Traditional Method: After washing & soaking, place ham in large pan and fully submerge in cold water. Bring water to slow SIMMER (not boil) and maintain for 20-25 minutes per pound (e.g., approximately 5 hours for 12 lb. ham) & or until meat thermometer shows internal temperature of 160 degrees F. Add water as needed to keep ham covered. When fully cooked, remove ham from pan and, while still warm, remove skin & trim fat to 1/4-inch thickness. Glaze ham, if desired.
Baking: After washing the ham cook the ham in a low oven in a covered roasting pan with just a quart of water or after washing and soaking the ham you can pour 5 cups of water over ham, place lid firmly on pan and place in pre-heated oven at 500 degrees F. After 15 minutes, turn off oven. DO NOT OPEN OVEN. In 3 hours, re-heat oven to 500 degrees F., bake for 15 minutes and turn off oven again. (DO NOT OPEN.) Leave ham in oven overnight, or until oven is completely cool. Finally, take ham out of pan, remove skin & trim fat to 1/4-inch thickness. Glaze ham, if desired.

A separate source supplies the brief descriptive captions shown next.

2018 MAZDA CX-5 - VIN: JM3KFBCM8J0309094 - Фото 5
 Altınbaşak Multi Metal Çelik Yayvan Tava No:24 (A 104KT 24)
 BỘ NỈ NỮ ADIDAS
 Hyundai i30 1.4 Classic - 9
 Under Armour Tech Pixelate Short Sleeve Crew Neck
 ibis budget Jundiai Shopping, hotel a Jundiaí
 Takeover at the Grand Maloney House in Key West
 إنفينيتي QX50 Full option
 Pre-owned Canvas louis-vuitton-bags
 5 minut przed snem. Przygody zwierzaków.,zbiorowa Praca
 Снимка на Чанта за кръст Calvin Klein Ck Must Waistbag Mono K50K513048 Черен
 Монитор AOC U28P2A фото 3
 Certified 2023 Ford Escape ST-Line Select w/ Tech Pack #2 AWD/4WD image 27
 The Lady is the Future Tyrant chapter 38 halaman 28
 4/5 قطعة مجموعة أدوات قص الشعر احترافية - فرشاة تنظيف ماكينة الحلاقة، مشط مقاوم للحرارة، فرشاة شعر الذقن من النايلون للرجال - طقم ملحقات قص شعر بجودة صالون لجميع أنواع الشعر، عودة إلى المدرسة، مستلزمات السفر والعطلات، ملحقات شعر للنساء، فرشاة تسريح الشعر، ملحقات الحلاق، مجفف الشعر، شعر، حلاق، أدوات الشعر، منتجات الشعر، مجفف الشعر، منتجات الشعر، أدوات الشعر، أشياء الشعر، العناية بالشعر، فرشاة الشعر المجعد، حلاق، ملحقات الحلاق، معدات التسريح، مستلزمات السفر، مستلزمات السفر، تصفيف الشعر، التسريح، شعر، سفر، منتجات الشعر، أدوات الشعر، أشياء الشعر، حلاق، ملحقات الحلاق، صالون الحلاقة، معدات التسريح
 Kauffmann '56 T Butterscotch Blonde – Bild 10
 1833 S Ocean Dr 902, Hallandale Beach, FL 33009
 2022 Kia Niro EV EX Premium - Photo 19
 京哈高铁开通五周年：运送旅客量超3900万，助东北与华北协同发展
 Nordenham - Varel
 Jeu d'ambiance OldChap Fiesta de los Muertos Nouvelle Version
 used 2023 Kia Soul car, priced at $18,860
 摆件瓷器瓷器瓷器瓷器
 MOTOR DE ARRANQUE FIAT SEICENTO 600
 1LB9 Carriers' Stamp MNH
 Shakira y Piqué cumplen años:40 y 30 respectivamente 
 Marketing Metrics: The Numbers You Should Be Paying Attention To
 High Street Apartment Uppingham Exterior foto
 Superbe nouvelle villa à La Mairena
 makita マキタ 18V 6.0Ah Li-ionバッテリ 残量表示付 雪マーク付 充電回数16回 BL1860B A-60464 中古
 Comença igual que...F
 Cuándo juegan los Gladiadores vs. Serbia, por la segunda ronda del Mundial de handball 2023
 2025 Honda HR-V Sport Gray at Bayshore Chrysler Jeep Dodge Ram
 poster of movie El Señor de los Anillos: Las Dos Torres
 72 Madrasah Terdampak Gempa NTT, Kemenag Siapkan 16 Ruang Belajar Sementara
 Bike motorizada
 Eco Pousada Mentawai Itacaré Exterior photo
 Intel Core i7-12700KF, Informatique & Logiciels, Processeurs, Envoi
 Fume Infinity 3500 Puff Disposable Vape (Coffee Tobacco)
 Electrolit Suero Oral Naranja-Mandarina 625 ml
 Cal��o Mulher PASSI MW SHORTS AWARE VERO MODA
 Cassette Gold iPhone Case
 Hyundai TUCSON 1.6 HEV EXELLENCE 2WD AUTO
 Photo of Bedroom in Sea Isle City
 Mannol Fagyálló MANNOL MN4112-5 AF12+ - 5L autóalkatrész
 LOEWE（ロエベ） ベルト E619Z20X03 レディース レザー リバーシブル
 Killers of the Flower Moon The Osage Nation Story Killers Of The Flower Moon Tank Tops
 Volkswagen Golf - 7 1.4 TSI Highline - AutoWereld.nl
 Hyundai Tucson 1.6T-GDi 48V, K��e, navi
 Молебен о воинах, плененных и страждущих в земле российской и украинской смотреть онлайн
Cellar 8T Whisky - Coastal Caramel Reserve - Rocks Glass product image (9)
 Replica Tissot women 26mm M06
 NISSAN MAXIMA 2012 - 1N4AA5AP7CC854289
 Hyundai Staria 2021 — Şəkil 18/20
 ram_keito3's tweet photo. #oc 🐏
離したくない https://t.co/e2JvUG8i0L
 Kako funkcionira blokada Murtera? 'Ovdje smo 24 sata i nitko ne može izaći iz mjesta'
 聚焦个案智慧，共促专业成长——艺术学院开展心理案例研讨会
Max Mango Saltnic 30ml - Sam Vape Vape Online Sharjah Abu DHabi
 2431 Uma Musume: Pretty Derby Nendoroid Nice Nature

Frying: Cut UNCOOKED ham into slices no more than 1/8-inch thick, wash and trim off skin. Place in skillet with 1/8 cup water, parboil until water is gone. Cook slices over medium heat until slightly browned. (Avoid overcooking, as this will cause ham to become tough.) Frying tends to intensify the flavor of aged ham.
Red Eye Gravy: Remove fried slices to platter. To skillet drippings, add 1 3/4 cup water or water/coffee mixture. Bring to boil and serve with ham slices.
Glazing: After skin removal and fat trimming, rub 1 cup of glaze (or brown sugar) over ham, score fat in a diamond pattern, and stub with whole cloves. Bake at 300 degrees F for about 30 minutes, or until lightly browned.
Shelf Life (after cooking): 10 days without refrigeration, 8 weeks refrigerated, 4 months frozen.